Inquiring minds want to know!
[quote]To save you the bother, on a 2GHz laptop with a Gf4Go in it, running maxed out I get 10fps:
[/quote]
I got similar results on my PIII 733. It wasn’t that the game couldn’t be playable at that speed, however, it would just need some tweaks to the movement rate per frame.
The radix sorter is sorting primitives for rendering and sprites. Some of it is actually overkill but as it represents very little CPU work in the JITed version I left it alone.
The buffers are filled every frame with up to 4000 odd sprites and particles.
Cas
[quote]The radix sorter is sorting primitives for rendering and sprites. Some of it is actually overkill but as it represents very little CPU work in the JITed version I left it alone.
[/quote]
Hmmm… overkill indeed. I’m thinking a simple “render sprites in whatever order, then lasers, then render particles” would have sufficed. But maybe that’s just me.
[quote]The buffers are filled every frame with up to 4000 odd sprites and particles.
[/quote]
I tried to download the source to see this, but the source code seems to have gone missing. In any case, I’m still wondering if that’s really going to be a performance problem. If I get Kaffe compiled, I’ll have to give it a try and see.
'snot really overkill… there’s a lot more going on than meets the eye. Sprites are first sorted by layer, then Y coordinate, then texture, then rendering style. And there are an awful lot of them.
Even the background goes through a triangle pumping engine that sorts all the triangles in order of rendering style and adjacency. That’s the overkill bit, but there are very few triangles involved in the background relatively.
Cas
Cas: Be sure to let us know if you get your games to run on an XBox with JET and that graphics driver package.

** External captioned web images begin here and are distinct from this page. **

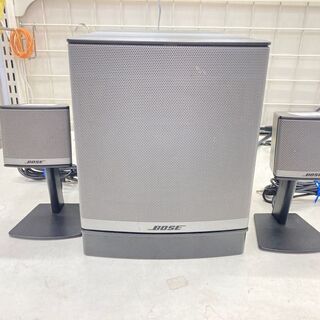 BOSE スピーカーシステム companion3 series2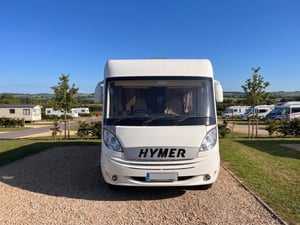 2011 Hymer B678
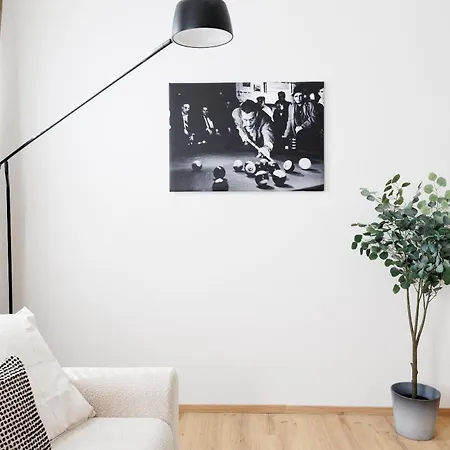 Apartment - Hauptbahnhof *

With all the three-letter companies recently releasing hundreds of patents to open source development, one can always hope that there is some truth to the rumors at Javalobby of one of the companies putting out an open source JVM, but I guess that’s a very very long shot…
William
Emails have been sent, contacts have been made. I’m going to pursue this idea until I get a conclusion. Xbox live here we come!
Cas
[quote]Emails have been sent, contacts have been made. I’m going to pursue this idea until I get a conclusion. Xbox live here we come!
[/quote]
grin See what happens when you set your mind to something?
There is another possible option: the IKVM project (http://www.ikvm.net/). It is a JVM for .Net and also includes a bytecode to .Net CIL compiler. So you might be able to have your cake and eat it.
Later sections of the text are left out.